Yes, this are essential and should be implemented with suitable legal backing such that employee organizations cannot obtain stays or contractual employees do not seek permanent employment. Lack of suitable personnel and difficulty of recruiting employees has severely handicapped government functioning.
17.2 For improving punctuality/introducing new concepts like flexi time, should biometric entry/exit be introduced?
Yes new technology should be introduced.
17.3 What steps should be taken to ensure that scientists, doctors, engineers and other professionals with sophisticated education and skills are retained in their specialized fields in Government? Should they be appointed on contract with a higher status and initial pay, advance increments, better service conditions, etc.?
Special packages should be in place to attract talented people to government departments. These measures could also include increased opportunities for creativity and professional growth.
17.4 Should there be lateral movement from Government to non-Government jobs and vice versa? If so, in which sphere(s) and to what extent?
Lateral movement should be allowed with suitable checks and balances. They should be allowed particularly in think tanks, NGOs and organizations with public-private partnerships. Movement to Universities should also be allowed.
17.5 It has been suggested that existing Government employees should be encouraged to shift to employment on contract for specified periods in return for a substantially higher remuneration package. Would you agree?
18. Performance Appraisal
18.1 In what way should be present system of performance appraisal be changed? Should be ACR be an open document?
The final grading should be shared with the officer reported upon. There should be clearly defined work objectives, division of labour, grant of sufficient authority and fixation of responsibility.
18.2 How far has the introduction of self-assessment helped in the process of appraisal?
It is imperative for performance appraisal as it achieves the objective of a review of an employee’s work, aimed at improvement of efficiency and effectiveness.
18.3 Should appraisal be done for an entire team instead of for individuals?
No. It would lead to diffusion of responsibility.
18.4 In what manner can Government employees be made personally accountable for their acts of omission or commission, without any special safeguards? Would you recommend any amendments to Article 311 of the Constitution, Section 197 of the Code of Criminal Procedure, Section 17 and 19 of the Prevention of Corruption Act, 1988 and various rules relating to conduct of Government servants and disciplinary proceedings?
Officers need to be protected for their regular work unless there is clear malafide established.
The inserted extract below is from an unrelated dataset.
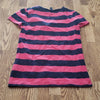 (S) Tommy Hilfiger Striped Floral Accent Casual Lightweight Comfortable Soft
19.1 Kindly comment on the appropriateness of adopting a five-day week in Government offices when other sectors follow a six day week. Please also state whether the number of Gazetted holidays in Government offices should be reduced? Please also comment on the appropriateness of declaring Gazetted holidays for all major religious festivals.
Five-day week is appropriate at present, as this is the international norm. In case more work hours or additional days work is deemed necessary, it should be based on incentives. Gazetted holidays could be reduced, with an increase in number of restricted holidays at the choice of the Government servant.
19.2 What do you think is the state of work ethics and punctuality in Government offices? Kindly suggest ways of improving these.